(Captioned web image data)
+++++
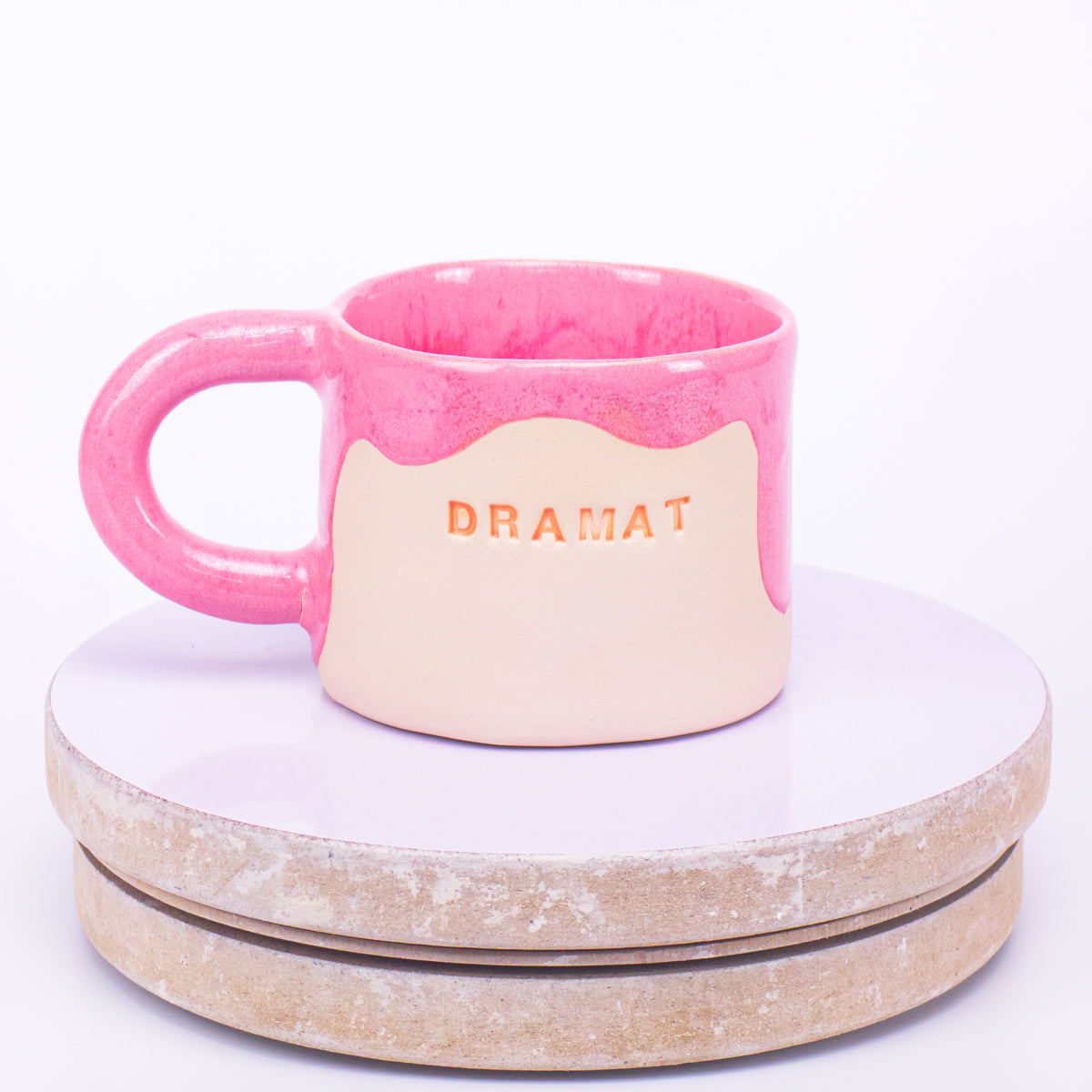 kubek dramat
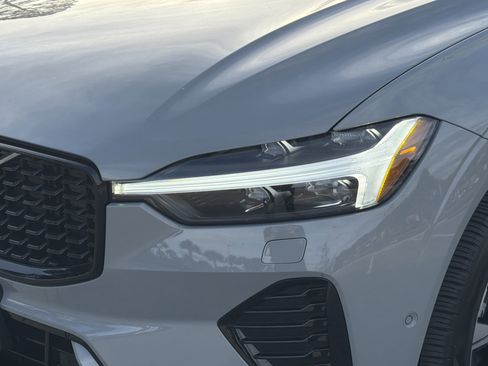 Certified 2025 Volvo XC60 B5 Plus image 35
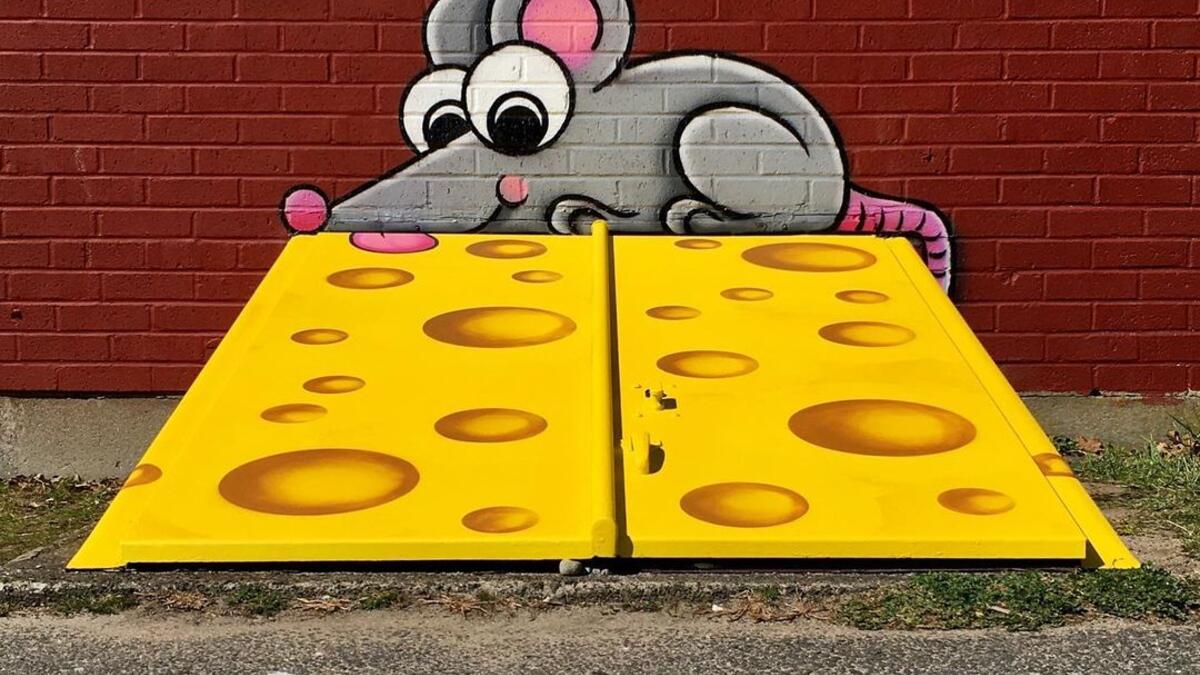 American street artist Tom Bob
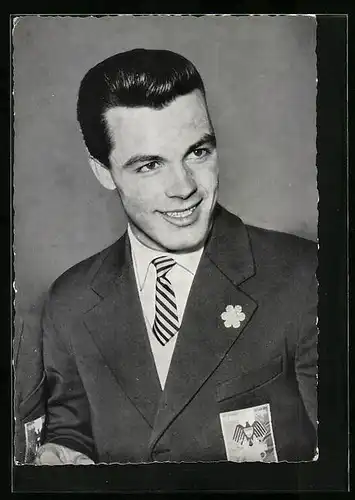 AK Schauspieler Toni Sailer im Anzug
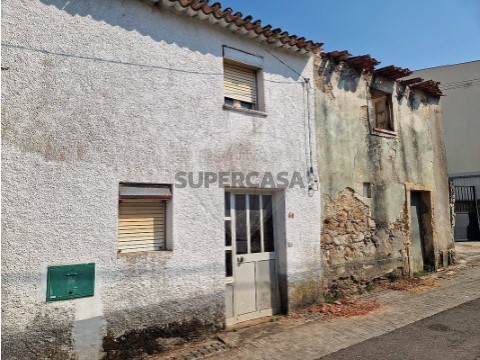 Moradia T3 em Condeixa-a-Velha e Condeixa-a-Nova, Condeixa-a-Nova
+++++
Without any pictures, please write out the lines from the one containing "AK Schauspieler Toni Sailer im Anzug" through the final line of the data, exactly and inclusive of both ends.

 AK Schauspieler Toni Sailer im Anzug
 Moradia T3 em Condeixa-a-Velha e Condeixa-a-Nova, Condeixa-a-Nova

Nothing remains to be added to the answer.